Thursday, May 6, 2010

Helen Wagner


Wagner's death last weekend at the age of 91 brings an end to the era of the Moral Matriarch of the Daytime Soap. (I just invented that name, but did not invent the phenomenon.)

Born in Lubbock, TX, Wagner was performing some summer stock in St. Louis when Oscar Hammerstein saw her, and advised her to move to New York. She had a small role in the original production of Oklahoma for a time, but actually did not spend much of her career on the stage. She was with Guiding Light when that radio soap made the transition to television in 1952, but left soon afterward. In 1956, she was cast in the role of a lifetime, and that's no exaggeration; she spent the rest of her life (over 50 years) playing matriarch Nancy Hughes on As The World Turns.
She described her character as a "tentpole" role, someone around whom the rest of the drama swirled. I wrote a bit about this type of character a while ago, when Frances Reid, who played a corresponding role on Days of Our Lives, died. Wagner's character on ATWT was never confronted with long lost children, evil twins, or kidnapping plots. Instead, her function was to provide a moral sounding board to the other, more dramatically interesting characters on the show.
Helen is in the Guinness Book of World Records as having played a single character on television the longest time. She uttered the very first words on ATWT ("Good morning, dear") when the show debuted on April 2, 1956, and played the role more or less continuously until her death. She took two breaks from the show, one voluntarily, and one not. About six months into the show's run, creator Irna Phillips fired our Helen, but after several months, rehired her when no one else could be found who could pour coffee on camera quite so lovingly. In the mid 80s, Helen walked away from the show to protest the producers' insistence that the senior members of the ensemble be pushed aside to make way for younger blood.

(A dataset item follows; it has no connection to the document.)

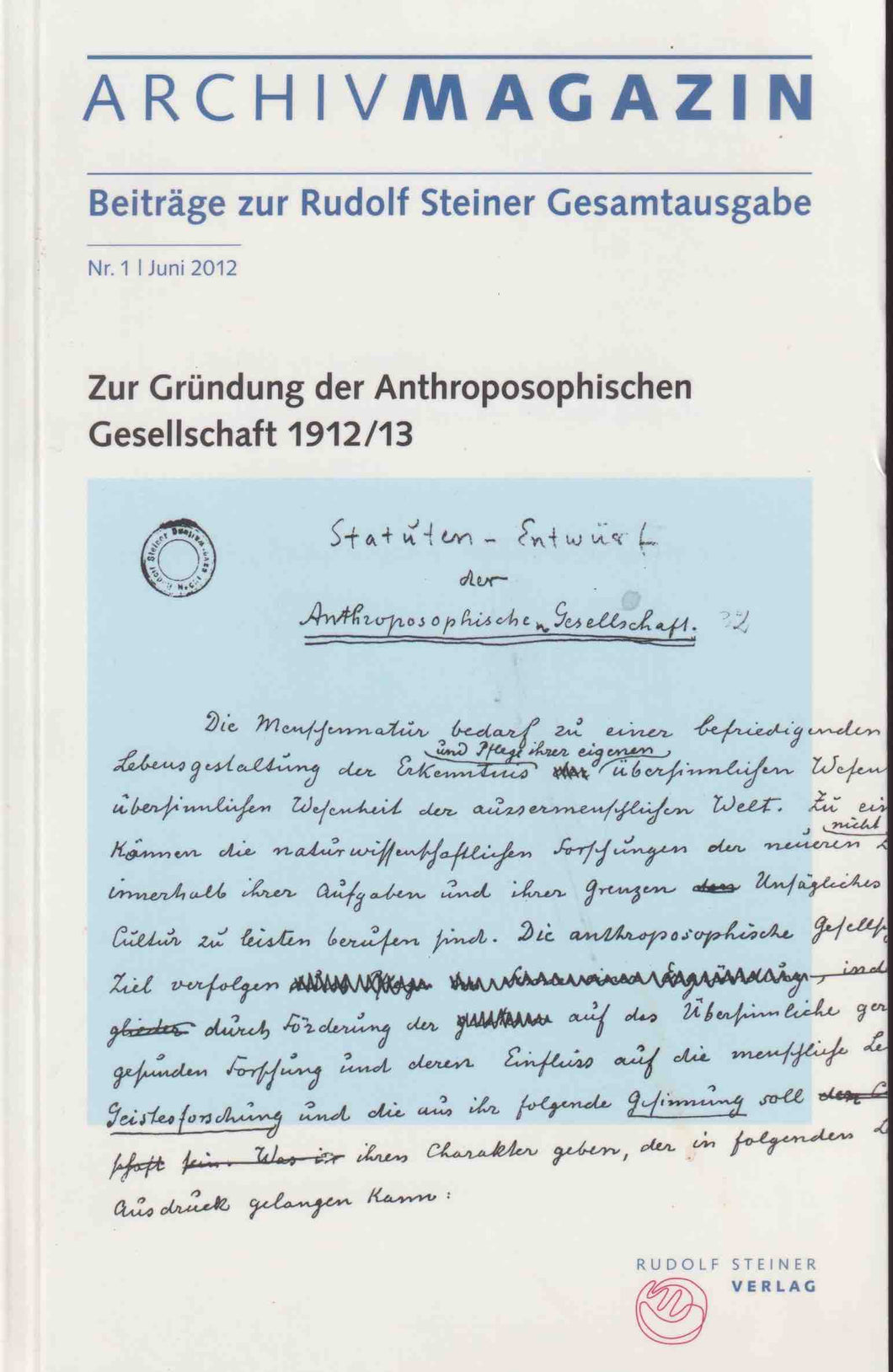 Zur Gründung der Anthroposophischen Gesellschaft 1912/13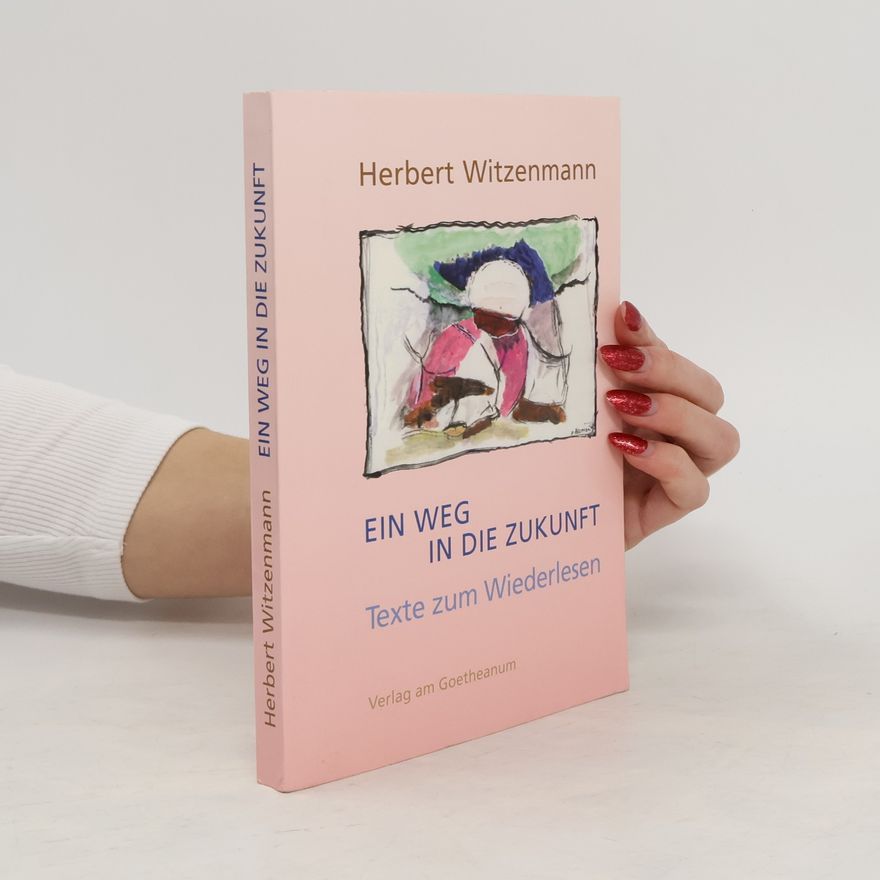 Herbert Witzenmann Ein Weg in die Zukunft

She was back with the show a year or so later, in time to celebrate the show's 30th anniversary on the air.

Wagner got the chance to stretch her chops upon her return, when the show teamed her with an aging police detective (the actor who had played Helen's husband on the show had died, so of course, his character died too. Roles such as Nancy Hughes do not go through multiple marriages as other soap characters do; if they marry more than once, it is because they have been widowed). The writers gave Wagner's new husband Alzheimer's, a first in daytime, and the plotline played out over a two year period (at the time, ATWT had a reputation for moving at a glacial pace). They finally killed the guy off, and Wagner's character remained a widow until her death last week.

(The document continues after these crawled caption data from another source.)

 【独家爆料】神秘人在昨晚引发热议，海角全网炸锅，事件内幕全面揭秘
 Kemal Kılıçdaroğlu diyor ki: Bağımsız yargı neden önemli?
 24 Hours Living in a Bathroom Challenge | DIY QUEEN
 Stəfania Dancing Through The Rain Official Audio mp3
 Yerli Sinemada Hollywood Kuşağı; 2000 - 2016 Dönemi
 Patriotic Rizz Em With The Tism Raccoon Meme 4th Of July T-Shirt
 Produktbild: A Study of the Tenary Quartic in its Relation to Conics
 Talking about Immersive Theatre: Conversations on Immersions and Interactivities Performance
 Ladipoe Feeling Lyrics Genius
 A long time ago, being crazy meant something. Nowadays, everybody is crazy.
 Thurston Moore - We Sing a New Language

If you've never seen a daytime soap in your life, it is likely you have still seen a snippet of Helen Wagner's performance as Nancy Hughes. A clip of one of her scenes is enshrined in the Museum of Television Arts, and in other museums of note, as it was her program which was interrupted by Walter Cronkite on November 22, 1963.

CBS was the only network broadcasting nationally at that particular moment, both NBC and ABC having given the early afternoon hours to their affiliates to program locally. Whenever you see that very famous clip of Cronkite interrupting "regularly scheduled programming" to announce the assassination of John F. Kennedy, it is As The World Turns which is being interrupted, and that is Helen Wagner onscreen at the time. She later reported that the show, which was performed live in those days, continued without the actors being informed of the drama unfolding in Dallas.

Wagner's screen time diminished dramatically as she aged; she appeared only sporadically in recent years. In 2004, along with other long-time players in daytime, she was presented a Lifetime Achievement Award by the Television Academy (she never won nor was nominated for the Emmy). Her most recent (and now final) appearance on the show was April 5 of this year.

There is no doubt ATWT will address Wagner's death at some point before going off the air in September (it was announced several months ago that the show has been cancelled). It would have been a nice touch to have her Nancy Hughes utter the final lines of the series, bringing the 54 year-old show full circle, but Helen Wagner's death last week will make that symmetry impossible.